Reducing Salt In The Diet May Protect The Heart And Kidneys Of Patients With Kidney Disease
It has always been known that consuming too much salt may be harmful to the kidneys. Now, a new study has revealed that reducing the intake of sodium may not only be beneficial to the kidneys but also to the heart of patients with chronic kidney disease (CKD).
According to EurekAlert, excretion of proteins such as albumin in the urinary tract is a hallmark of chronic kidney disease or CKD. Known therapies that decrease albuminuria have the tendency to slow down kidney function from declining and also have a number of beneficial effects on the heart and blood vessels. However, presently available therapies still do not have the property to eliminate albuminuria in most patients suffering from CKD, leaving them with what is known as residual albuminuria.
A team led by Martin de Borst, MD, Ph.D. (University Medical Center Groningen, in The Netherlands), analyzed two interventions that have showed promise in reducing residual albuminuria: a drug (paricalcitol) that activates the vitamin D receptor and dietary sodium restriction.

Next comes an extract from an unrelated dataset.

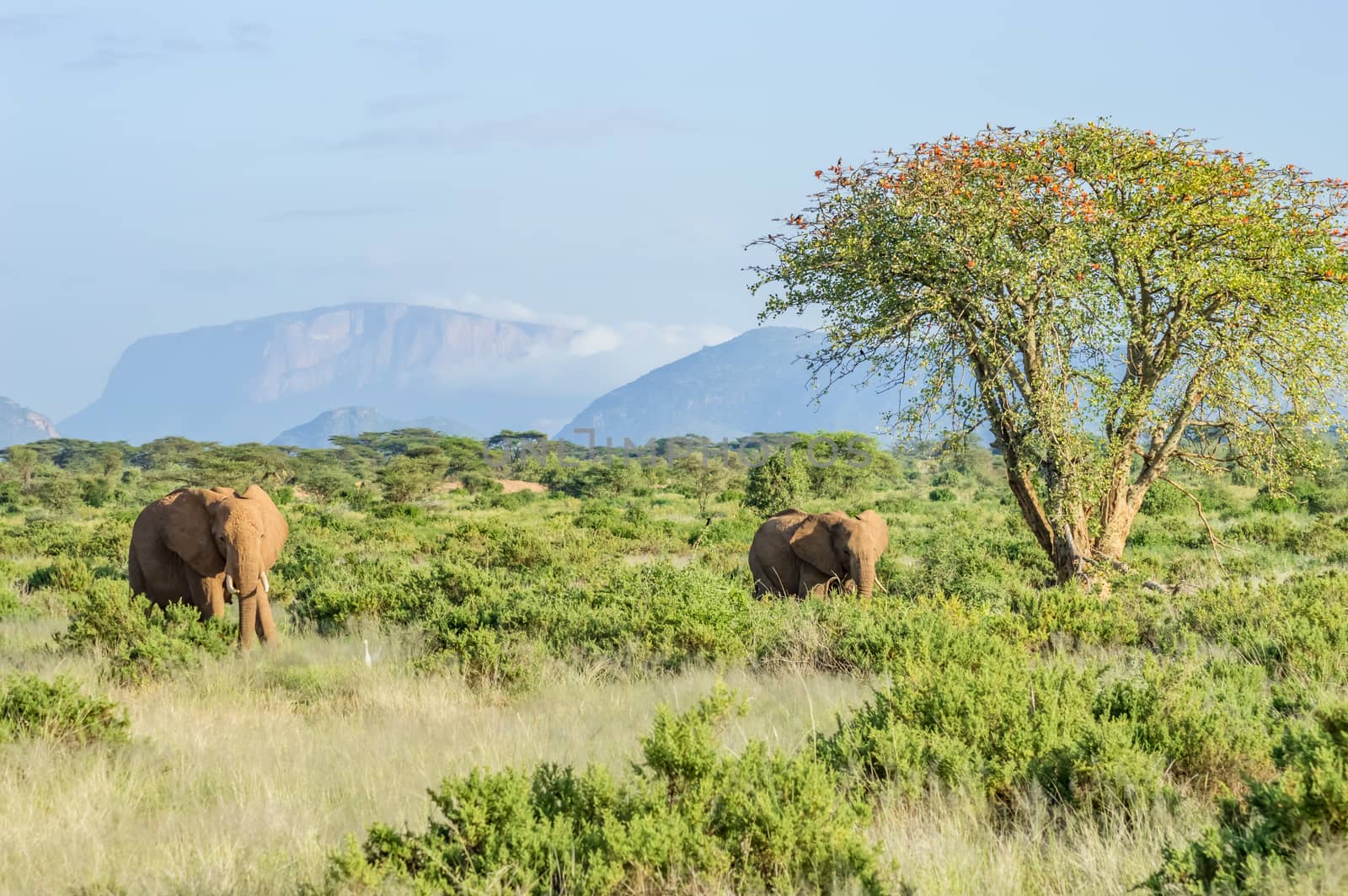 Two elephants in the savannah of Samburu Park in central Kenya with an acacia and mountains in the background of photo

In a randomized attempt that included 45 patients with CKD, each intervention was added to an optimized conventional treatment regimen during four 8-week periods. The investigators discovered that restricting sodium in the diet led to a significant decrease of residual albuminuria and blood pressure, whereas paricalcitol had no significant effect on these measures. However, paricalcitol combined with a low sodium diet resulted in the lowest albuminuria levels, reported Medical Xpress.
"What we found was that sodium restriction provided a relatively large beneficial effect, whereas the effect of paricalcitol was small. Thus, the impact of the combined intervention was largely due to the protective effect of sodium restriction," said Dr. de Borst.
It has also been noticed that most people consume two times more sodium than the 2 grams per day recommended by the World Health Association. "In our study, patients consumed on average 4 grams of sodium per day, which is well in line with global trends in sodium consumption among CKD patients," said Dr. de Borst.
"Interestingly, following our intervention aimed at reduced sodium intake, patients consumed 2.5 grams per day, which is still above the recommended level. This moderate restriction resulted in a strong reduction in albuminuria and blood pressure, indicating that even a moderate reduction in sodium intake may provide serious health benefits," he continued.